Goodbye to a Legend: Author John Graves

Author John Graves at his home, Hard Scrabble,  in Somervell County, near Glen Rose, Texas.

Author John Graves at his home, Hard Scrabble, in Somervell County, near Glen Rose, Texas.

On a cold, nasty wet day in February 1992 writer Bryan Woolley and I drove down to John Graves’ place on White Bluff Creek in Somervell County. We were both working for The Dallas Morning News and we were about to meet one of Bryan’s old friends and one of my literary heroes.

When we drove through the gate at Hard Scrabble we were greeted by John’s sheepdog Hodge, who was 10 and a bit stove-up in the hindquarters.

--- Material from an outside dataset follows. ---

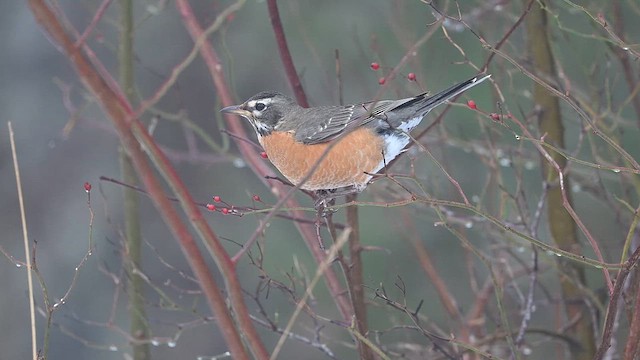 American Robin - ML628195605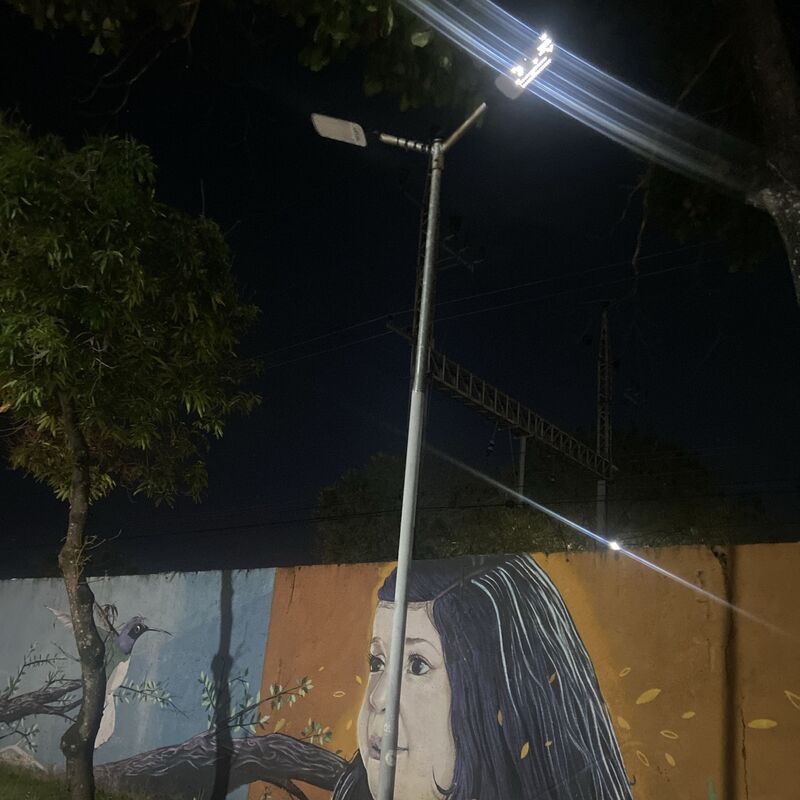 Imagem da publicação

He checked us out when we stepped out of my Bronco and decided that we were neither coyotes nor skunks, merely journalists, so we were allowed to pass.

John and his wife Jane met us on the porch of their home and invited us inside where it was warm and there was coffee.

I spent the next few hours listening to John and Bryan talk literature and books. While they talked I shot.

When John and I talked it was mostly about rivers and fly fishing and books about rivers and fly fishing. He was friends with Nick Lyons and at that time, ’92, he and Jane were still making yearly trips down to Florida to fish for tarpon with Lyons and a batch of other literary luminaries.

As the day and our time with John and Jane waned, I asked if I could come back the following weekend to photograph John fishing on White Bluff Creek, the small limestone stream that runs through Hardscrabble. He said, “Absolutely.”

A few days later I returned, made my photos and then spent some time fishing John’s 2-weight rod for perch in John’s creek.

I have, for the past 30 years, made dozens of canoe trips down John’s stretch of the Brazos. Sometimes with writer friends of my own and sometimes alone.

There, alone, thigh-deep in John’s river, I am my most serene.